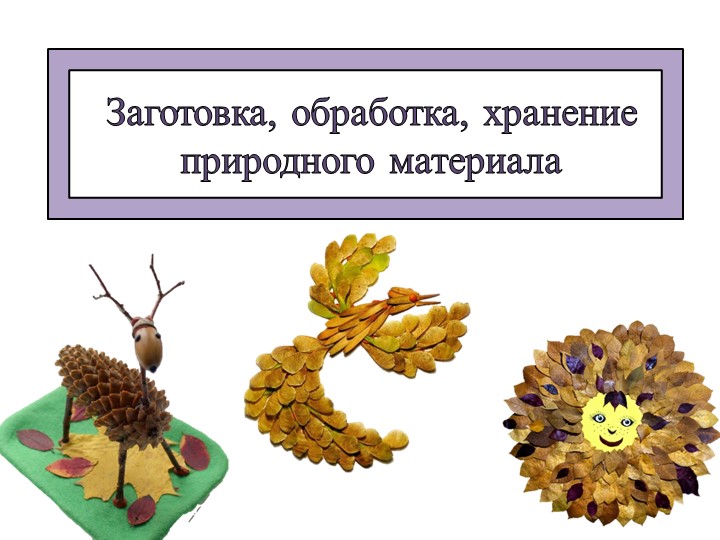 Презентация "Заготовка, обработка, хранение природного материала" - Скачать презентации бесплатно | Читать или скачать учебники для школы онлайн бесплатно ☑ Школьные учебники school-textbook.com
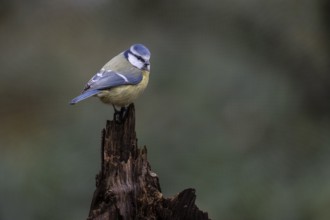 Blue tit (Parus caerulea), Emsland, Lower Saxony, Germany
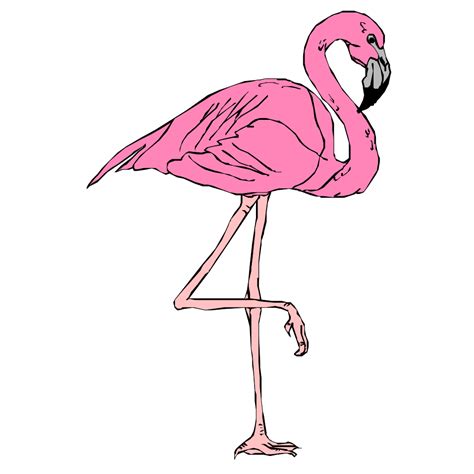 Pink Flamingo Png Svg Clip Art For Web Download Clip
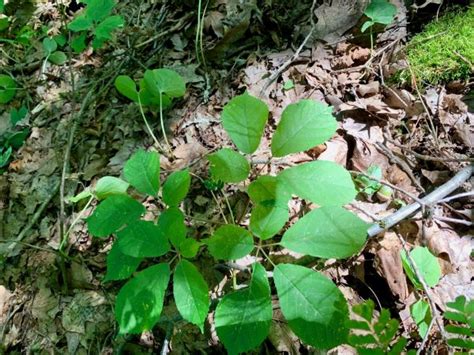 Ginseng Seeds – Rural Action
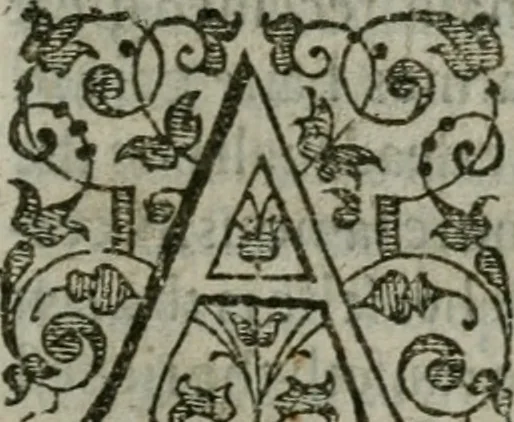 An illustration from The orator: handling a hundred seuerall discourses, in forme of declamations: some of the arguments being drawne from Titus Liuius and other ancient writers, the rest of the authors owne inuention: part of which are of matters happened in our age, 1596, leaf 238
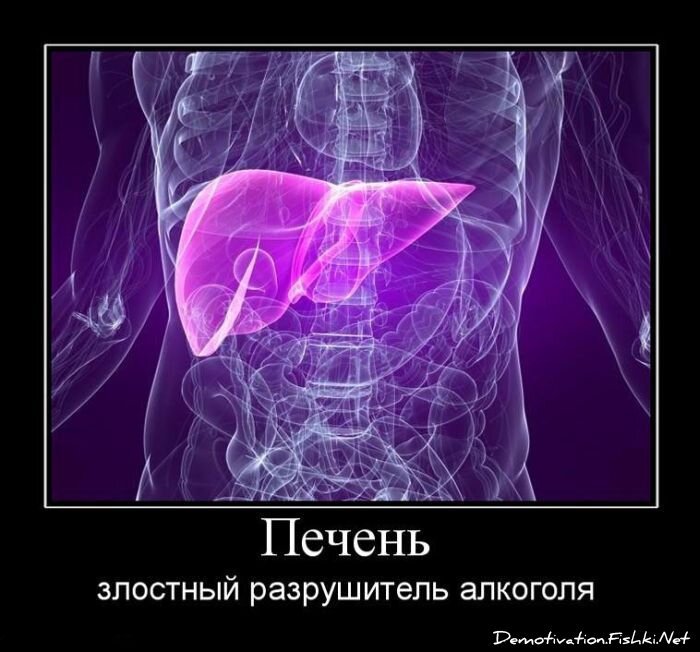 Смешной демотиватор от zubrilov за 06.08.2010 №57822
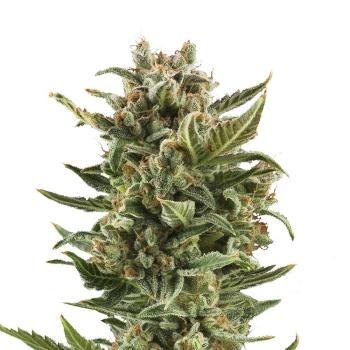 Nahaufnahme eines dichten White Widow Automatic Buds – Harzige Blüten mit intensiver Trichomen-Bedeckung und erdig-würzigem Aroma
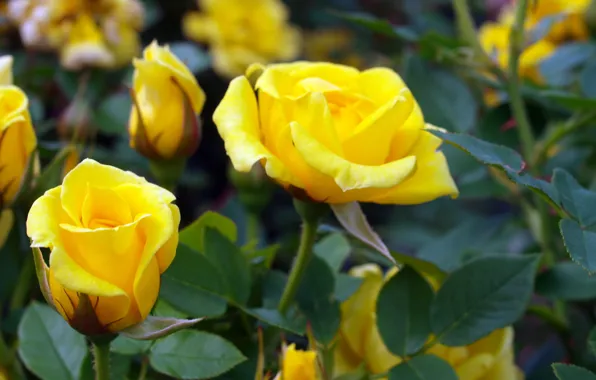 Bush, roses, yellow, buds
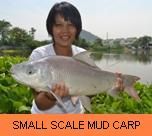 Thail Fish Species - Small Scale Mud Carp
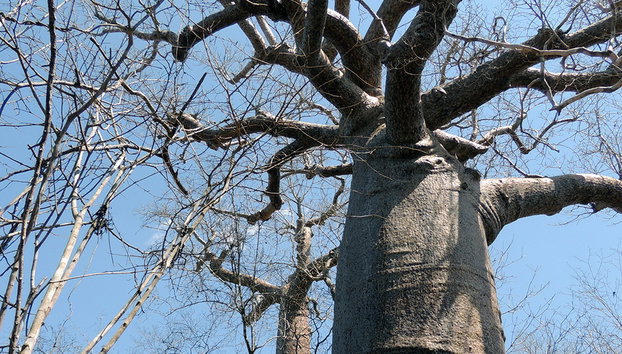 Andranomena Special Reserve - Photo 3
◆ ◆ ◆ ◆
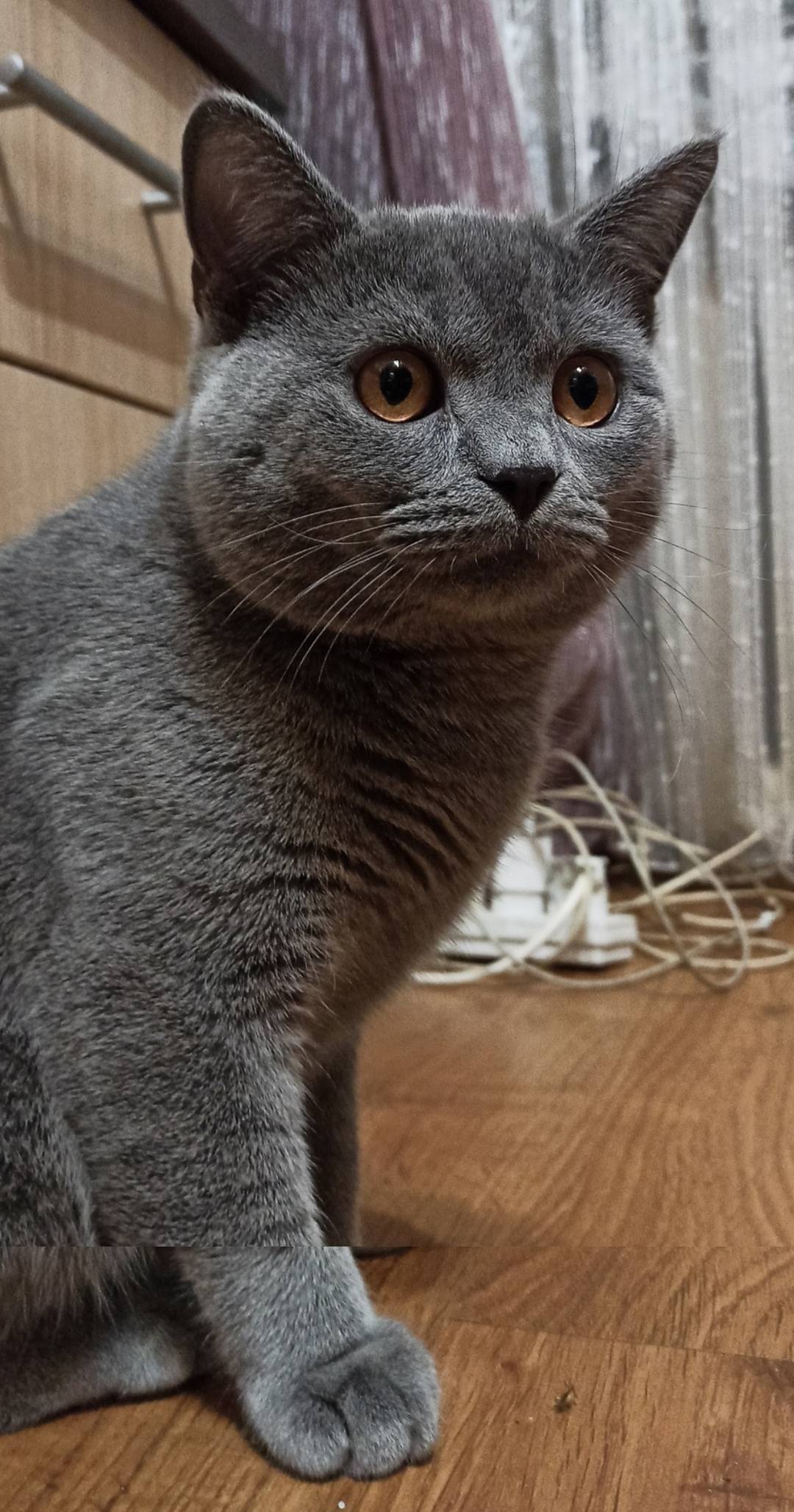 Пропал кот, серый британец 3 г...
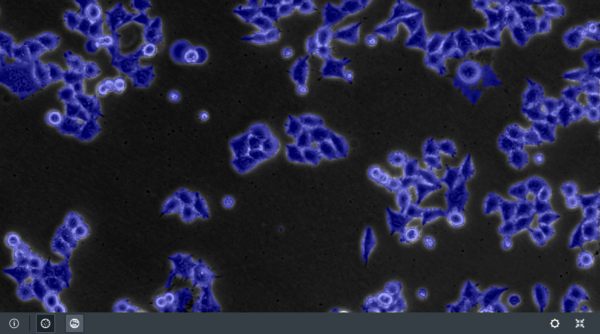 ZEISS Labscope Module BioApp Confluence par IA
◆ ◆ ◆ ◆
- _Assignment_: Transcribe only the lines above that start at the line containing "Nahaufnahme eines dichten" and end at the line containing "Andranomena Special Reserve - Photo 3". Omit pictures.

- _Task solution_:
 Nahaufnahme eines dichten White Widow Automatic Buds – Harzige Blüten mit intensiver Trichomen-Bedeckung und erdig-würzigem Aroma
 Bush, roses, yellow, buds
 Thail Fish Species - Small Scale Mud Carp
 Andranomena Special Reserve - Photo 3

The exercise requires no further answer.